In fact, only five of the dresses (Amy's, Ben's, Mila's, Jay's, and Jonathan's) looked like they could have been worn at a gala—but of those five, three also could have been worn in parades: Mila's star-swipe dress in the Macy's Thanksgiving parade; Ben's Jessica-Rabbit-esque dress in a parade at Universal Studios; and Jay's long slump of a dress in a sadness parade. Amy's floaty, ethereal chiffon and charmuse gown was the clear (though boring) winner— although Jonathan's tiered taffeta number was beautiful, until she turned around to reveal a bolt of tomato red fabric randomly hanging down the back.

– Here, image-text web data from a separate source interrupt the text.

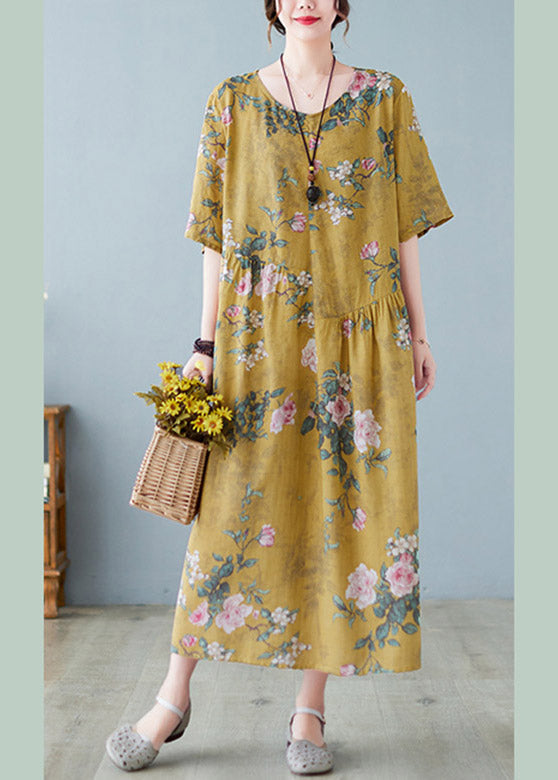 Yellow O-neck Print Maxi Dress Summer
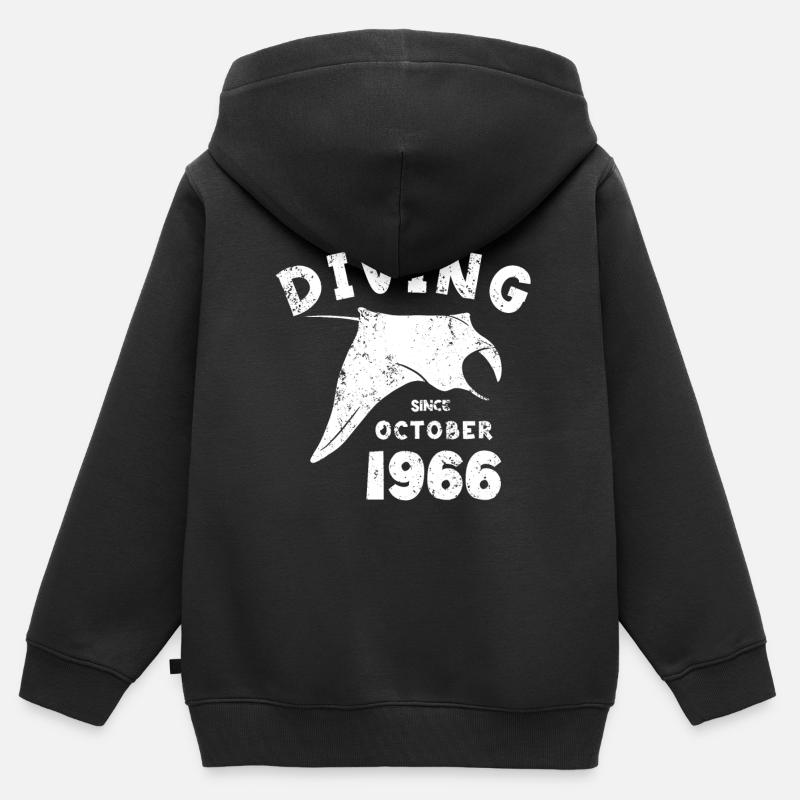 Anniversaire du plongeur - Plongée depuis octobre 1966 - Sweat Premium à capuche zippé enfant bio - noir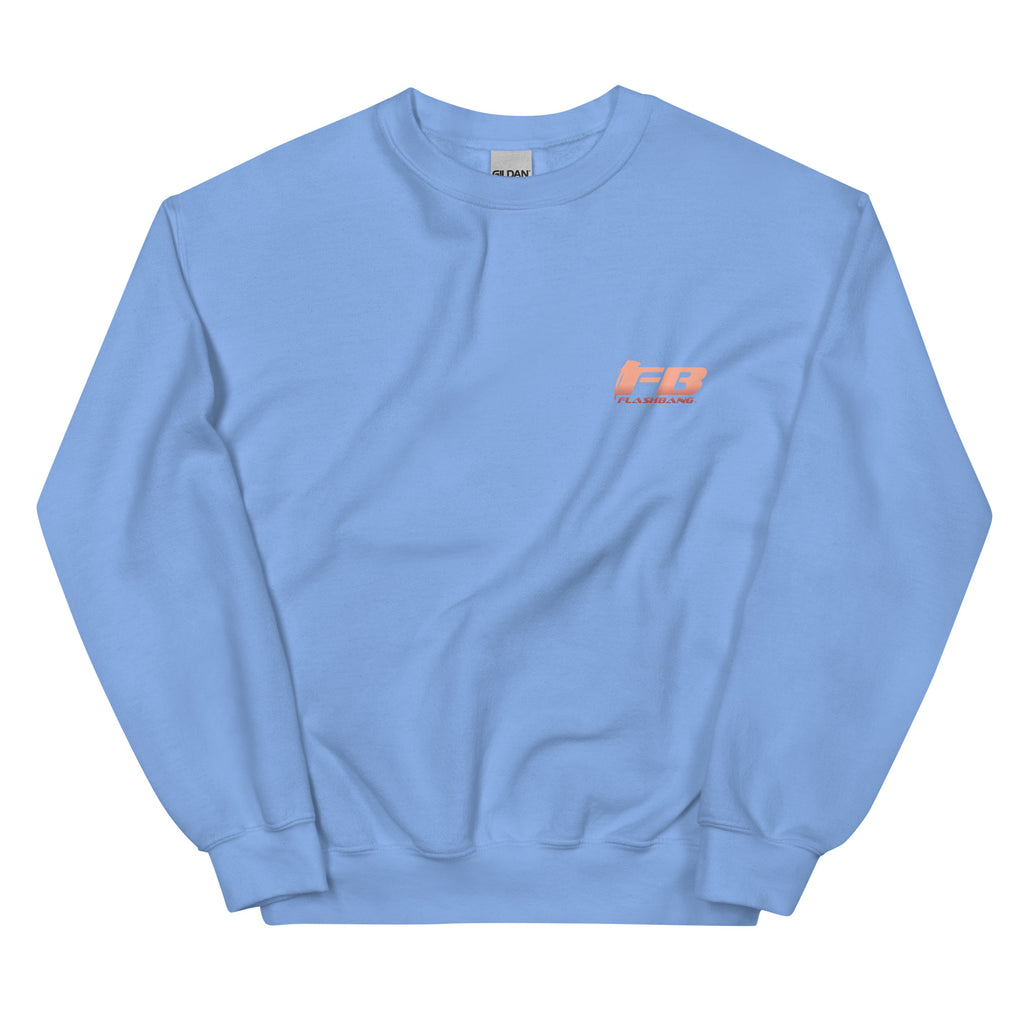 Light blue sweatshirt with a logo on the chest against a white background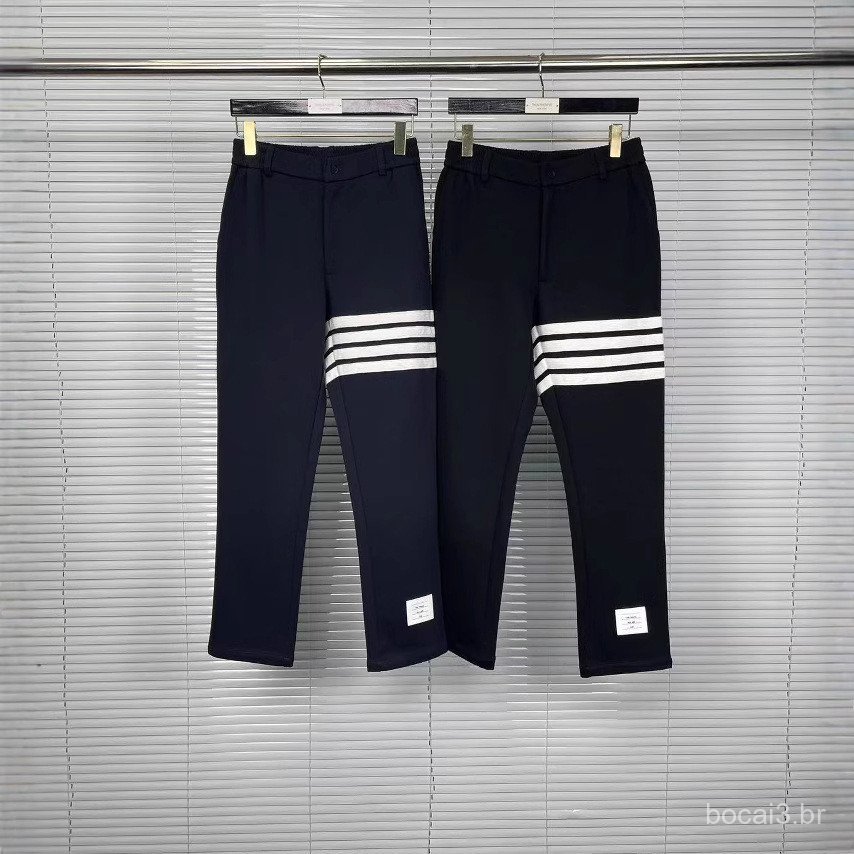 HULZ Autumn and winter casual trousers, British style straight casual long pants, four-stripe double-sided cotton trouse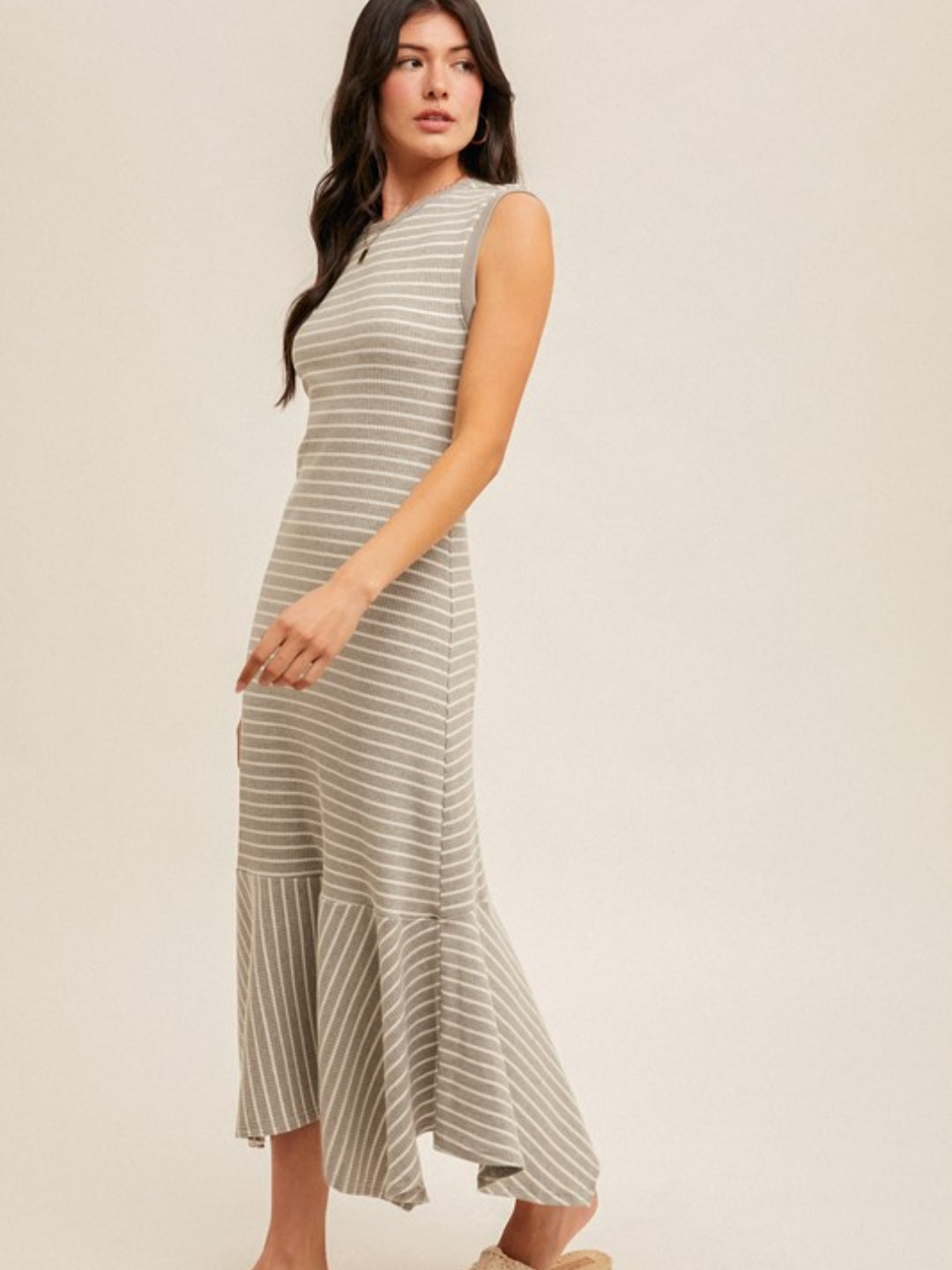 Ribbed Striped Maxi With Back Cutout Detail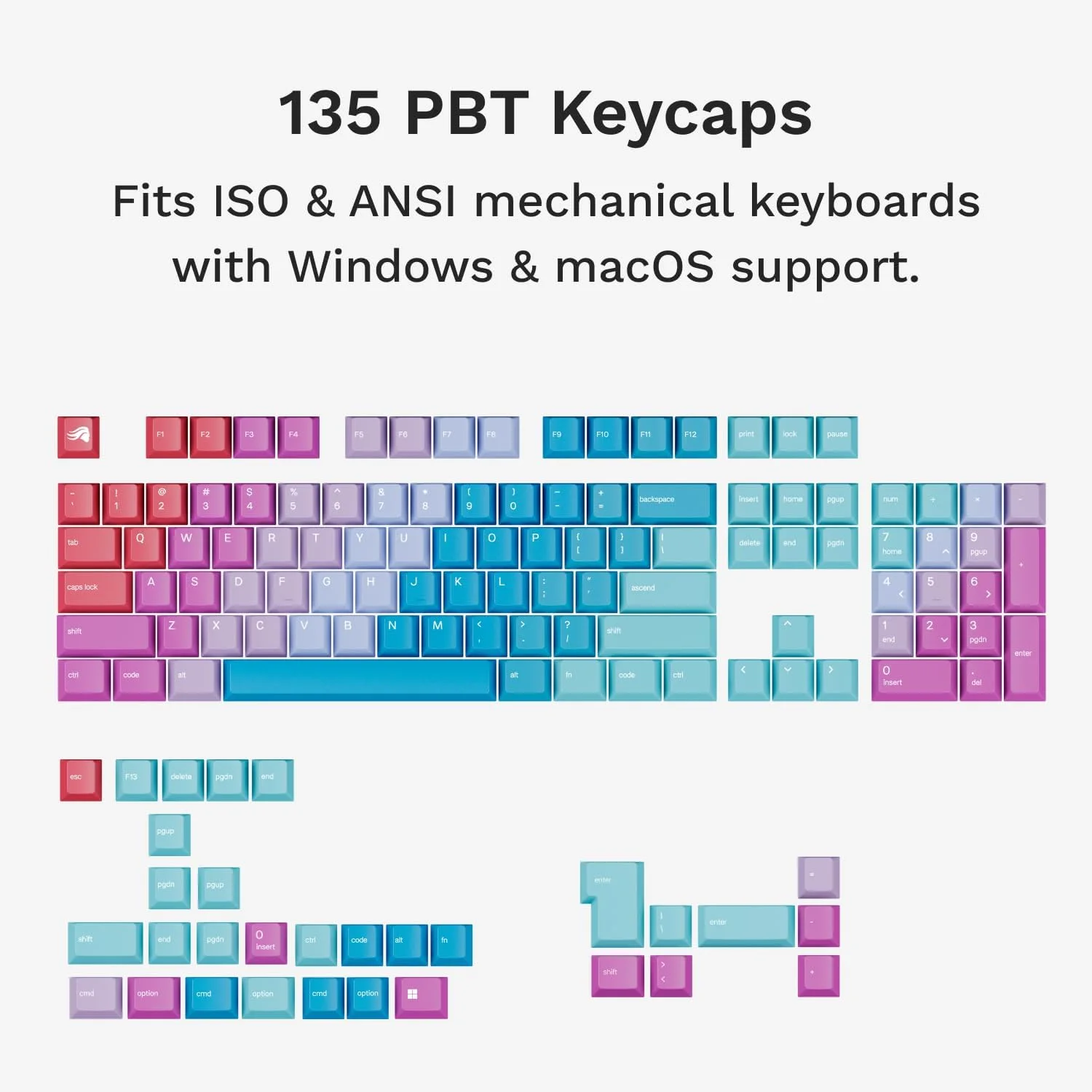 ست کیکپ های گرادینت Glorious Gaming Daydream GPBT، شامل 135 کلید PBT، سازگار با MX، طرح بندی ANSI/ISO، برای کیبوردهای مکانیکی در اندازه های 60%، 65%، 75%، TKL و 100%، US QWERTY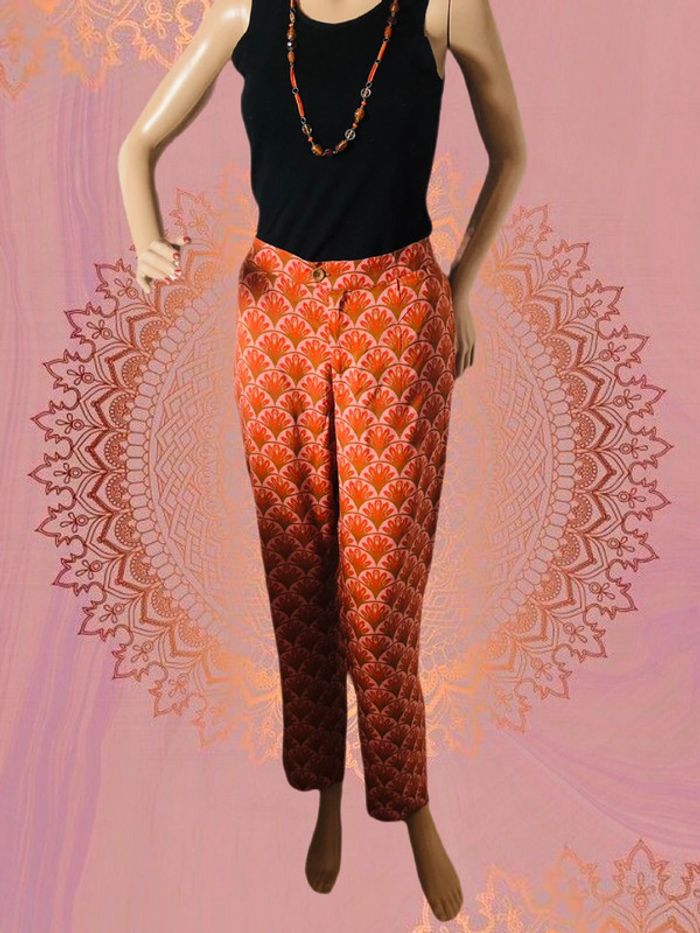 🧡Pantalon léger et fluide motif orange🌷light flowing pattern pants🧡 - photo numéro 2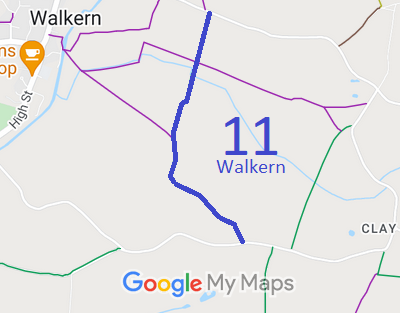 Map showing Walkern 11 Bridleway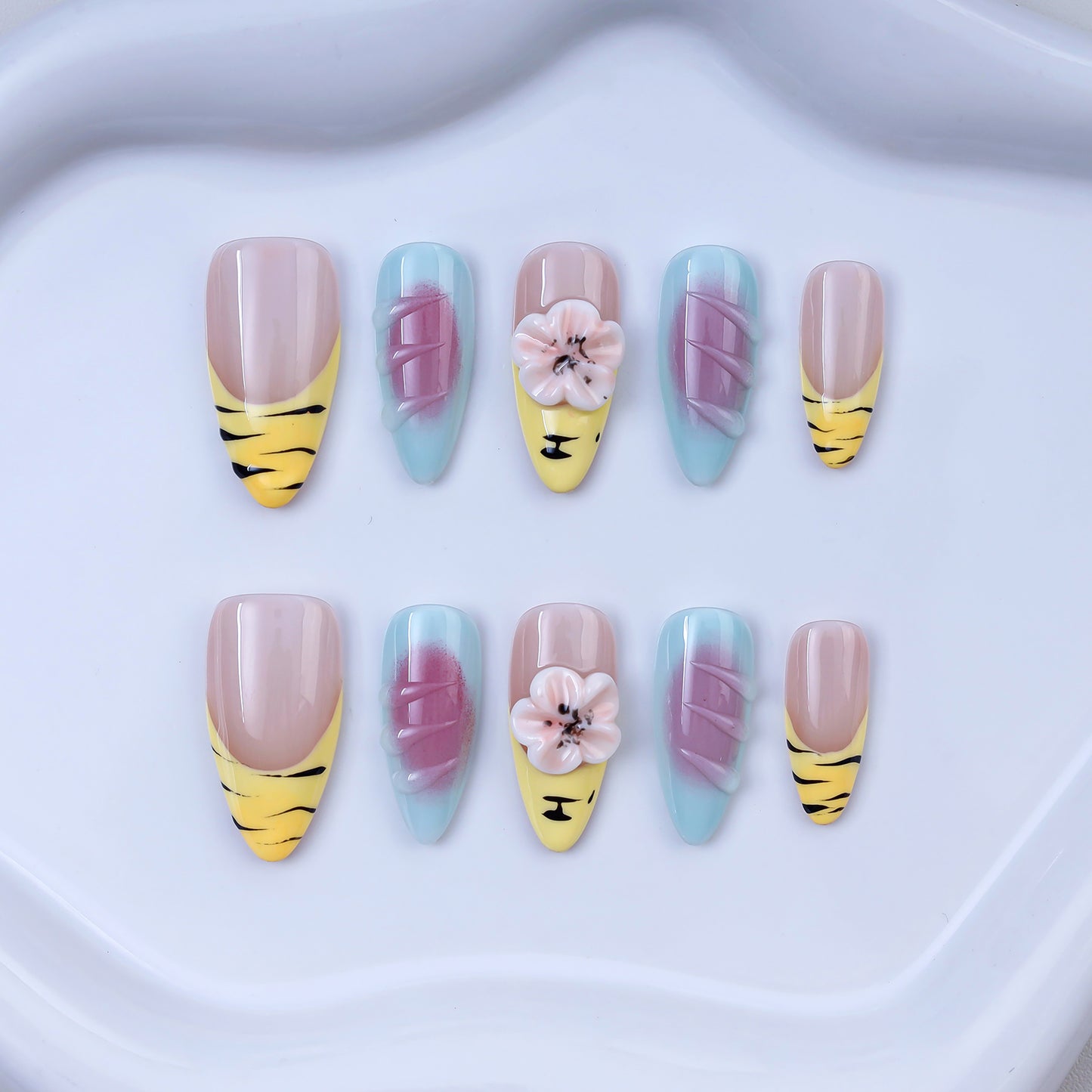 Handmade Almond Press-On Nails | Yellow Tiger Stripe with 3D Pink Flower & Blue Gradient Design | Cute Glue-On Nails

In other words, it must have been very difficult for the judges to narrow it down to only three terrible dresses. In the end they chose Anna's cinched sack dress for crimes against form; Jesse's horrendous red satin dress topped with a white satin jacket (!) for crimes against female proportions; and Jesus's red satin hooker-wear with rhinestone straps (really, Jesus? Showgirls don't even wear rhinestone straps) for crimes against decency. As bad as these looks were, I was very surprised that Janeane's shlumpy, dumpy aging conservative saloon girl dress with the bubble hem wasn't in the bottom three. That thing was a crime against all of our eyes. Still, of the three, Jesus was the obvious choice to go home. You don't make your model look like a shiny can of Budweiser with rhinestone accents and get away with it.

Stray Observations:

—Aww, Mila and Maya are bonding over their shared love of blunt bangs. Someone call Louise Brooks! They can all have a Girl's Night Out.

—Speaking of Maya, her dress's twisty drapery was interesting, but pretty droopy-looking. Yet the judges praised it because it was "flattering." What's flattering about looking like a slouchy snake?

—Too much red. My retinas hurt.

—Apparently if you have mitral valve prolapse you're worthy of several "She's so inspiring" montages. Heart conditions, even minor ones, make inspiring people.

—"Good bosoms, though." Oh, Heidi. Your bosom-vision knows no bounds.

—I'm getting really tired of Seth Aaron and his mall-Betty-Boop aesthetic.